§ WHAT YOU NEED TO DO
Within the listing that follows, reproduce exactly the lines starting at the line with "Настольная лампа ST Luce Fuego SL6242.204.01" and ending at the line with "第32话 私奔(1/3)-第33话", inclusive, and only those. Pictures are dropped.

§ RECORDED INFORMATION
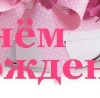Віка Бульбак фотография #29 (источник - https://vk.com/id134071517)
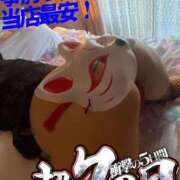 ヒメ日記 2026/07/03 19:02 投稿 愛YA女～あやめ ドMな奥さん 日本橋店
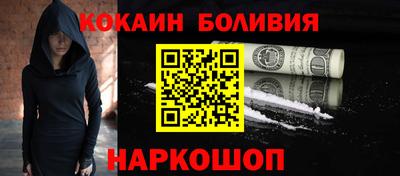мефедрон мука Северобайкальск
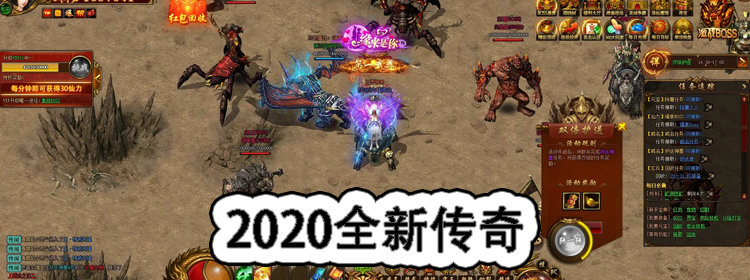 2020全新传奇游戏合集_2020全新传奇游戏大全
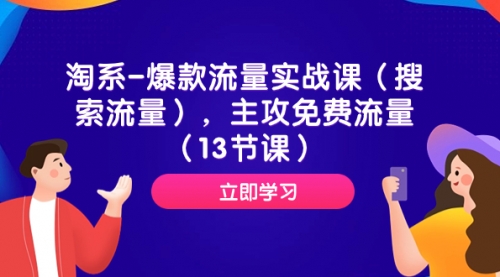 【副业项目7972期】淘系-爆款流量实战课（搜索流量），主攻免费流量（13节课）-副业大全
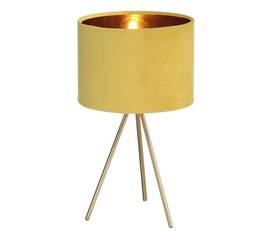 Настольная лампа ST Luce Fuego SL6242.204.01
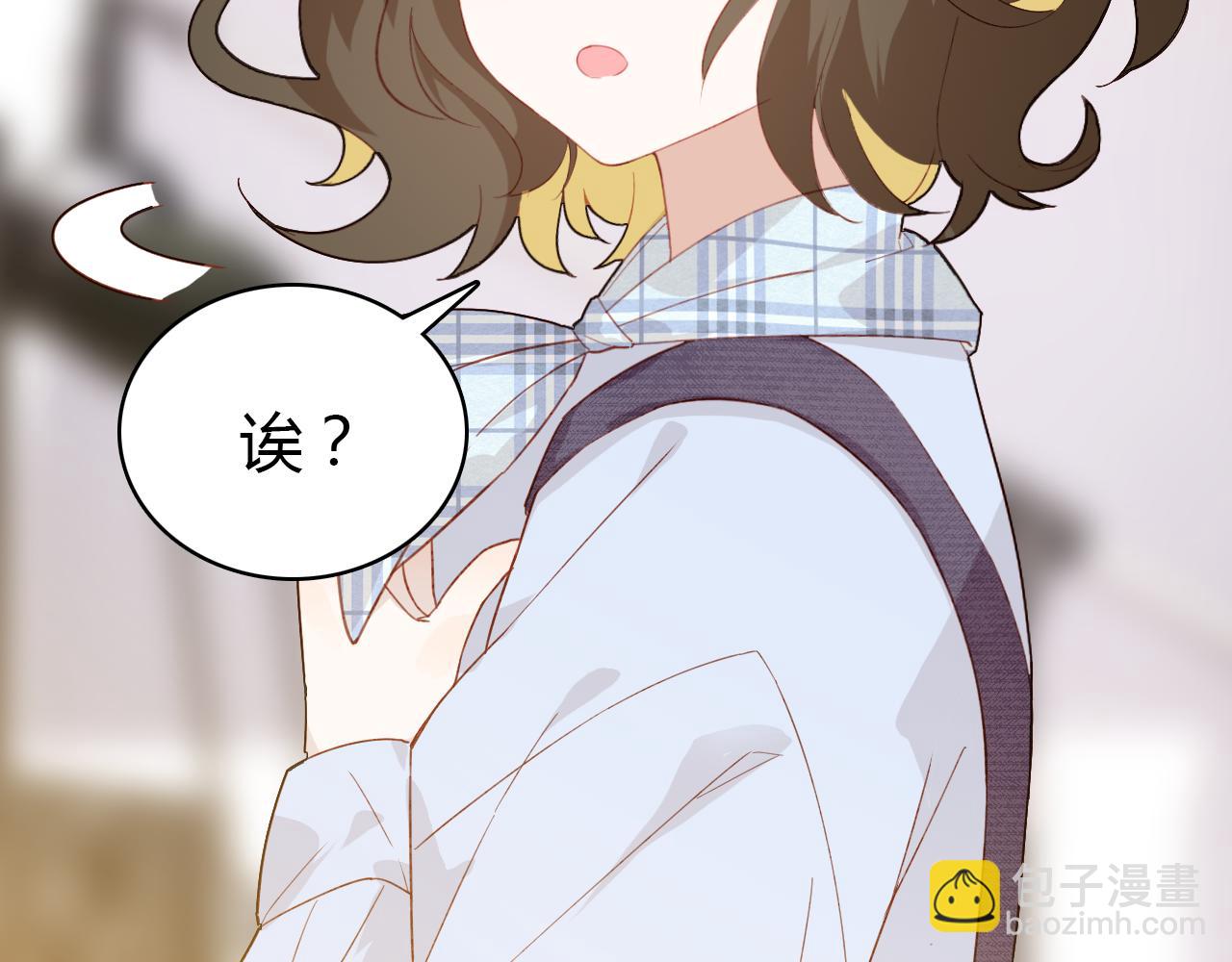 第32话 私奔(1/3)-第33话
---
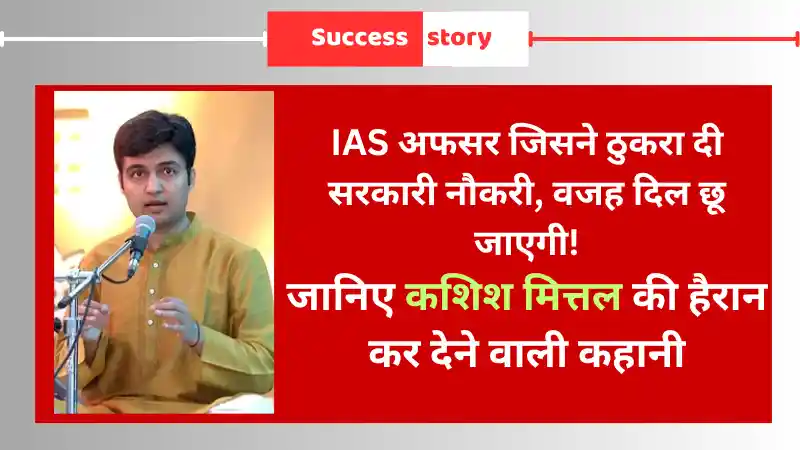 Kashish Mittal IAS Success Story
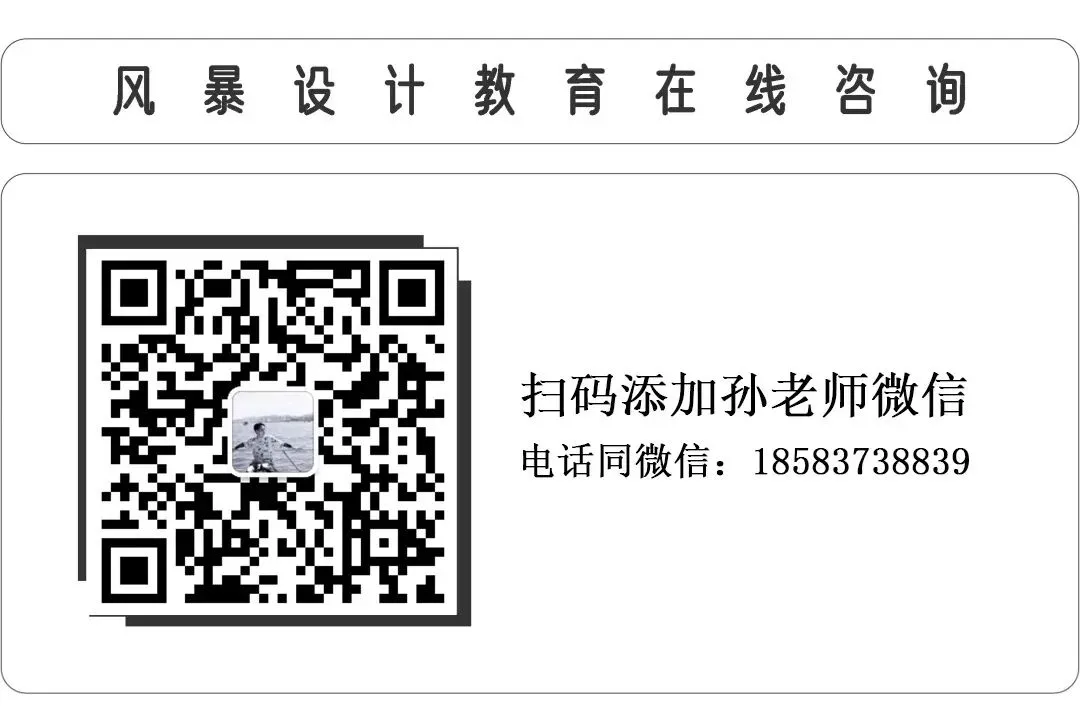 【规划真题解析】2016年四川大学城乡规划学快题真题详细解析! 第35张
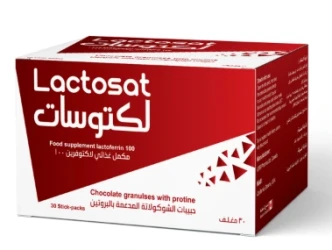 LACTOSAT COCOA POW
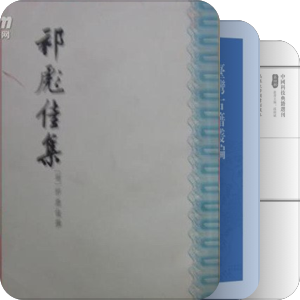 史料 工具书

§ RESPONSE
 Настольная лампа ST Luce Fuego SL6242.204.01
 第32话 私奔(1/3)-第33话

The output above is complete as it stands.